1. The bug in real world.
-------------------------

After installing Subversion and get it running using mod_dav_svn, when
trying to make a "svn commit" or "svn import", errors similar to these
show up in apache error log:

[Wed Oct 01 21:04:35 2008] [error] [client 10.1.1.11] Could not MERGE resource "/svn/test2/!svn/act/e28480c9-eb8f-dd11-808c-0018fe7759ca" into "/svn/test2".  [409, #0]
[Wed Oct 01 21:04:35 2008] [error] [client 10.1.1.11] An error occurred while committing the transaction.  [409, #2]
[Wed Oct 01 21:04:35 2008] [error] [client 10.1.1.11] Can't remove '/usr/local/svn/test2/db/transactions/2-2.txn/node.0.0'  [409, #2]
[Wed Oct 01 21:04:35 2008] [error] [client 10.1.1.11] Can't remove file '/usr/local/svn/test2/db/transactions/2-2.txn/node.0.0': No such file or directory  [409, #2]

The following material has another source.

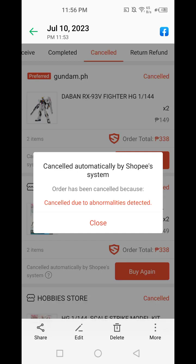Shopee cancellation of orders — 'abnormalities detected.' What abnormalities? There's no clear information about this, and unfortunately this is the problem. It's a hassle, so it's just better not to buy anything.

The last error is also shown up at client side (svn binary). However,
all actions are succesfully accomplished, so the error shouldn't appear
at all. Also, when doing "make check" after building subversion from
source, would also fail with identical errors.

2. Bug location
---------------

After some ktracing and tracing the function calls back to the "root",
we discovered that the bug is probably present in Standard C library. 

>How-To-Repeat:
3. Proof of concept code
------------------------

The following code below works fine on UFS, but fails on unionfs. The
code itself was taken from subversion codebase and is rewritten not to
use Apache apr library, but uses libc functions directly instead. It
just shows that there are discrepancies in UFS vs. unionfs behaviour. 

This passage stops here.